What the task requires
The data below holds the lines to copy: everything from the line containing "Kookboeken met recepten" to the line containing "ewmagazine.nl/cultuur/achter…", both ends included, set down exactly.

─── Material shown

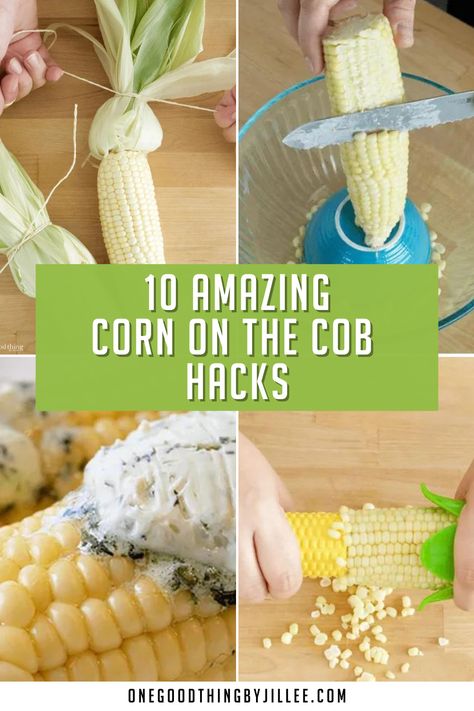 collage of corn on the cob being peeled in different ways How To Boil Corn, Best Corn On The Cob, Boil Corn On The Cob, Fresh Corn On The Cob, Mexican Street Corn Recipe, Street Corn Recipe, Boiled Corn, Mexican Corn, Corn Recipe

──────
─── Material shown

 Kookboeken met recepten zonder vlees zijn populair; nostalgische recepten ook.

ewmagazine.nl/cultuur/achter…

──────
─── Material shown

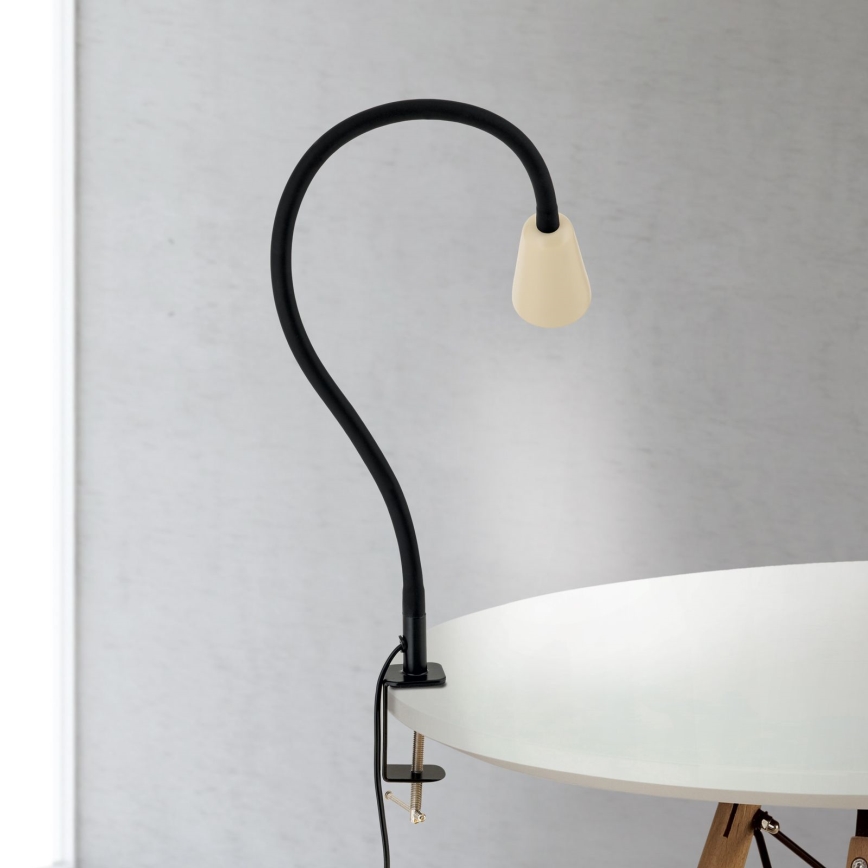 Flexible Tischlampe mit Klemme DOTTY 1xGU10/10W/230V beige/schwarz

──────

Answer below
 Kookboeken met recepten zonder vlees zijn populair; nostalgische recepten ook.

ewmagazine.nl/cultuur/achter…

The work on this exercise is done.